Quizás el que haya que decir esto sea buena señal, porque significa que ya hemos empezado a olvidar lo peor.
Durante décadas, la banda terrorista ETA asesinó, secuestró y robó, bajo la pretendida justificación de luchar en favor de una independencia política frente a la ocupación de Euskadi por parte de un estado español invasor.
Fueron décadas de miedo y gritos, de sangre y lágrimas, de muertos y silencio.
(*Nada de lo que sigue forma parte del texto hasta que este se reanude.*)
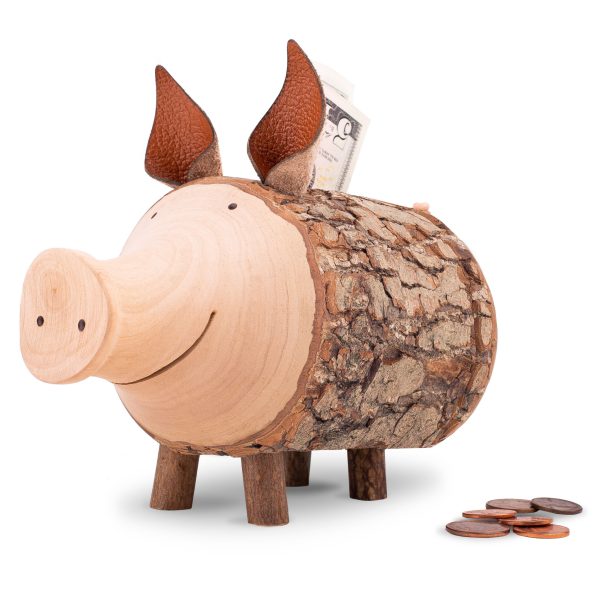 Personalized Wooden Piggy Bank with Bark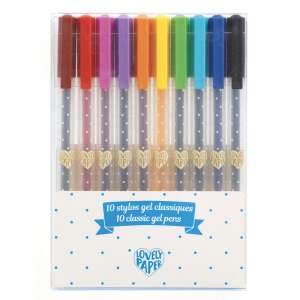 Lovely Paper 10 classic gel pens in a clear plastic box - Pen & Pencil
Sin olvidar, naturalmente, todas las veces que el estado demostró ser un traidor a su propia legalidad, convirtiéndose en algo aún peor que lo que decía combatir; organizando, apoyando y justificando la "guerra sucia", los secuestros, las torturas, los asesinatos, los malos tratos, la impunidad y el resto de crímenes contra la democracia y sus propios ciudadanos. Porque olvidarlo sería cínico.
Durante esas décadas, una inmensa mayoría de la población soñaba con el día en que los terroristas abandonaran las armas y abrazaran las vías democráticas. Un día en que no hubiera miedo, sangre ni muertos; sino esperanza, urnas y candidatos.
Hasta que, por fin, hace doce años, ETA anunció el "cese definitivo de su actividad armada".
Así que, si hoy en día se presentan en una lista electoral "44 condenados por su relación con ETA", eso no es un motivo para lamentarse; es un motivo de celebración, porque significa que lo conseguimos.
Como país, nación, o cultura, como conjunto de naciones, o vecinos, o como lo que sea que queramos o decidamos definirnos colectivamente.
O, simplemente, como fracción de la humanidad. Lo conseguimos.
Conseguimos dejar atrás gritos, lágrimas y silencio; para dar la bienvenida a mítines, votos y debates.
Porque esto, precisamente esto, era lo que deseábamos.